Role of the European Parliament

On 15 November 2011, Parliament adopted a resolution on the implementation of the Professional Qualifications Directive (Directive 2005/36/EC) calling for the modernisation and improvement of that directive and encouraging the use of the most efficient and appropriate technologies, such as the introduction of a European professional card which should be an official document recognised by all competent authorities, in order to facilitate the recognition process.

In response to Parliament’s resolution, on 19 December 2011 the Commission presented a proposal for a revision of the Professional Qualifications Directive. After successful trilogue negotiations, Parliament secured the changes it had called for, including the introduction of a voluntary professional card, the creation of an alert mechanism, clarification of the rules regarding partial access to a regulated profession, rules regarding language skills, and the creation of a mechanism for mutual evaluation of regulated professions to ensure greater transparency. This led to the adoption on 20 November 2013 of Directive 2013/55/EU of the European Parliament and of the Council amending Directive 2005/36/EC on the recognition of professional qualifications.

Subsequently, the European Parliament and the Council adopted the Proportionality Test Directive (Directive (EU) 2018/958) of 28 June 2018, which introduces a harmonised proportionality test to be used by all Member States before adopting national regulations on professions. On 25 October 2018, Parliament adopted a resolution on promoting automatic mutual recognition of diplomas.

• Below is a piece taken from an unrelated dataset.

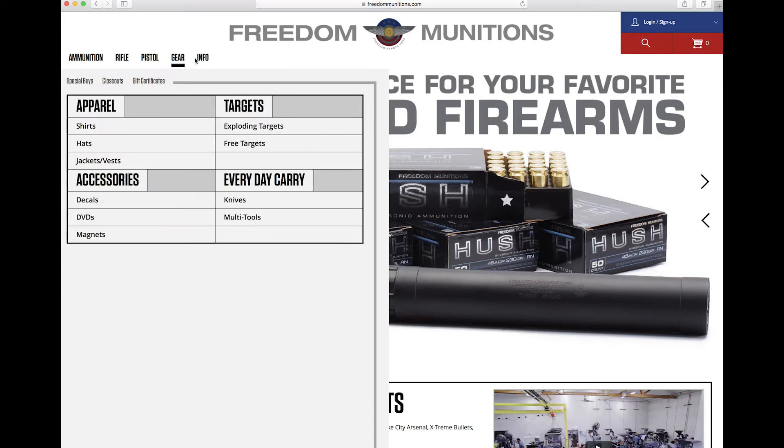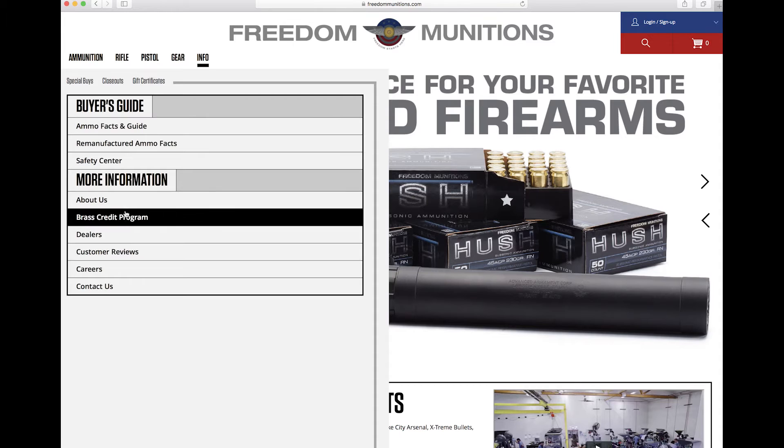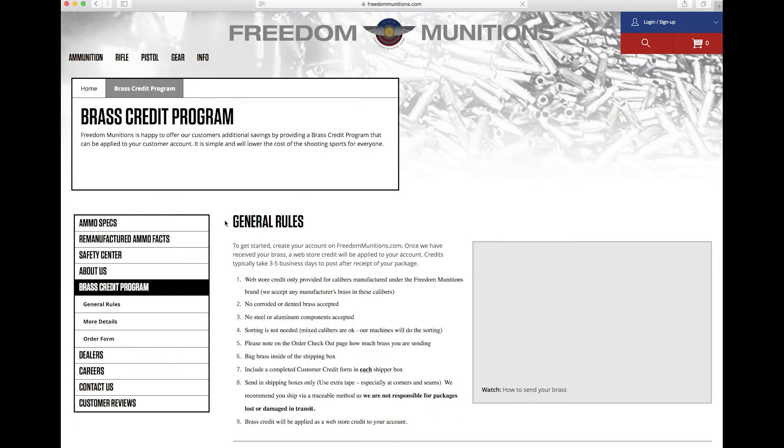To do this, simply log on to freedomnations.com and download our Brass Credit Program form. From there, follow the step-by-step instructions labeled on the form.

In November 2020, the Policy Department for Economic, Scientific and Quality of Life Policies published a study[1] at the request of the Committee on the Internal Market and Consumer Protection which analysed national obstacles to free movement in the single market, including the free movement of services and access to regulated professions. The study found that differences in qualifications, such as different levels or lengths of education, in the rules regarding the recognition of professional qualifications, and in administrative procedures related to access to professional bodies act as a barrier to the free movement of professional services in the single market.


[1]Dahlberg, E. et al., ‘Legal obstacles in Member States to Single Market rules’, Publication for the Committee on the Internal Market and Consumer Protection, Policy Department for Economic, Scientific and Quality of Life Policies, European Parliament, Luxembourg, 2020.